[[ Data segment open ]]
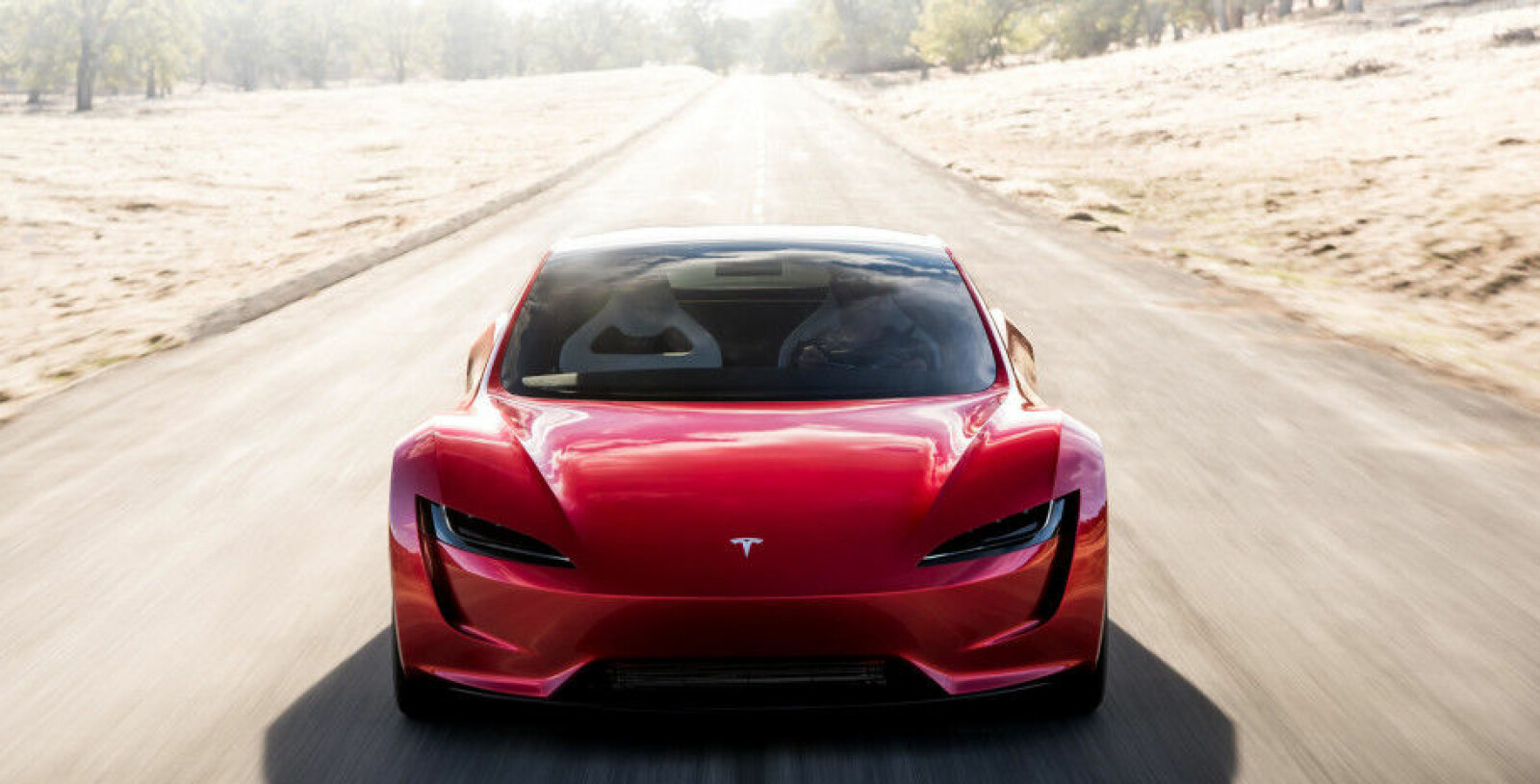 SVEVEBIL: Musk sier Tesla Roadster kanskje kan sveve over bakken.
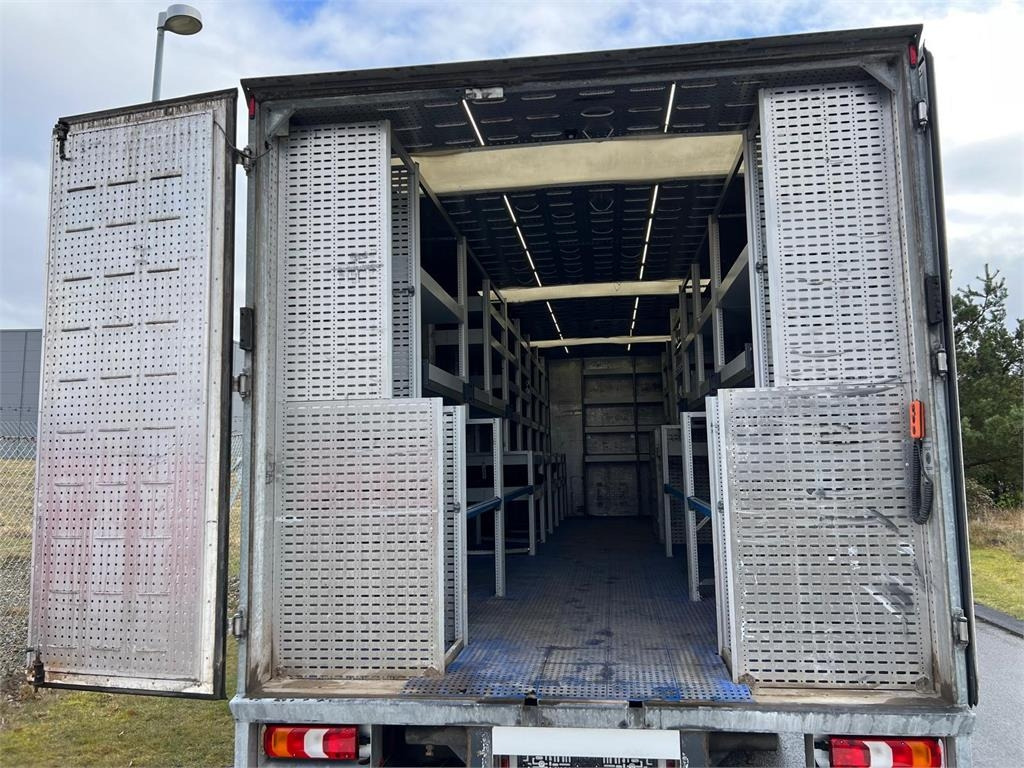 Mercedes-Benz Antos 1824 LnR - Грузовик с закрытым кузовом: фото 1 Mercedes-Benz Antos 1824 LnR - Грузовик с закрытым кузовом: фото 1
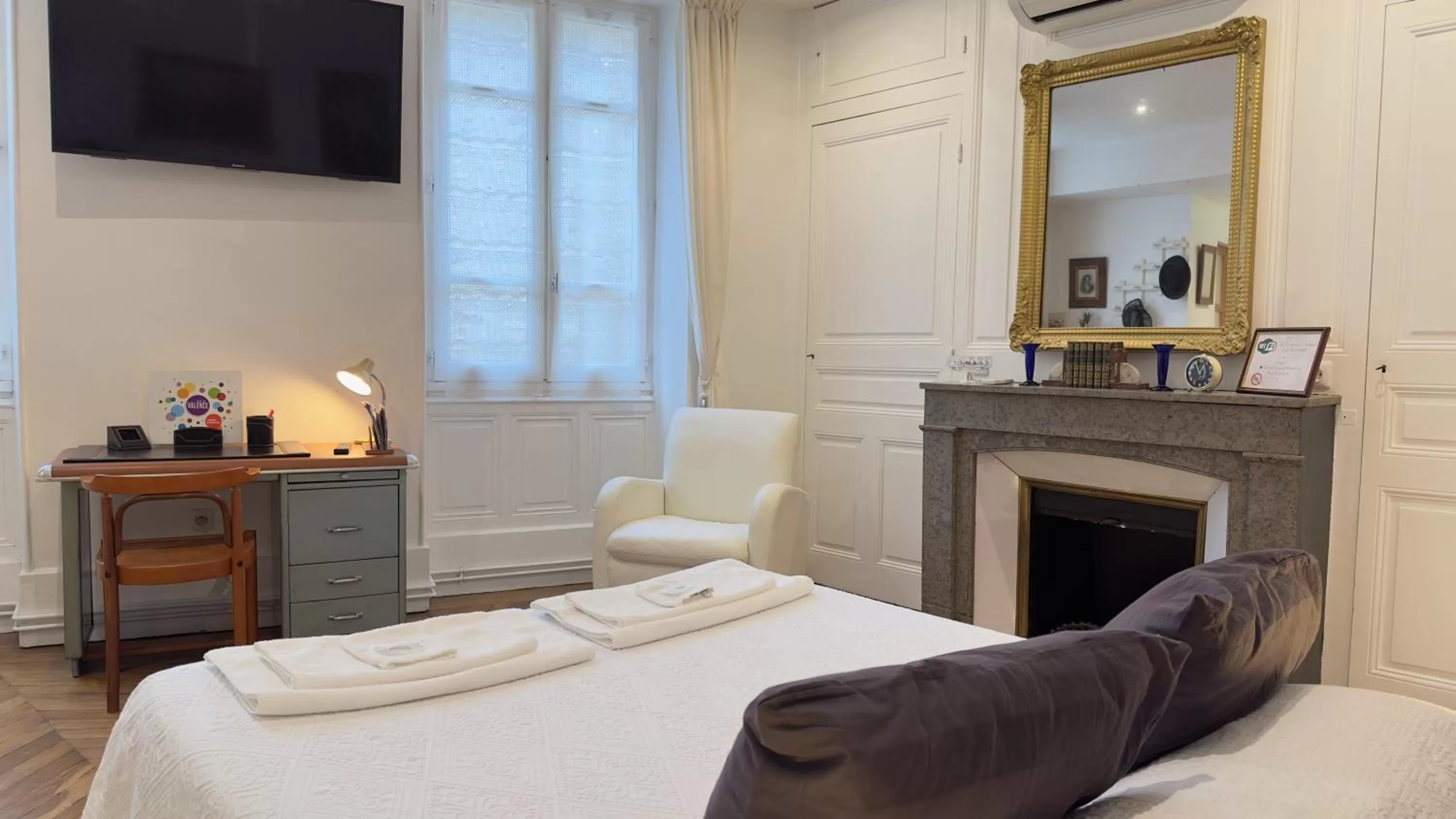 Bedroom, Bed in Chambre de charme au coeur du vieux Valence -Confort & Calme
[[ Data segment closed ]]
§ What to produce:
Copy the listing above exactly, minus the pictures.

§ Exercise solution:
 SVEVEBIL: Musk sier Tesla Roadster kanskje kan sveve over bakken.
 Mercedes-Benz Antos 1824 LnR - Грузовик с закрытым кузовом: фото 1 Mercedes-Benz Antos 1824 LnR - Грузовик с закрытым кузовом: фото 1
 Bedroom, Bed in Chambre de charme au coeur du vieux Valence -Confort & Calme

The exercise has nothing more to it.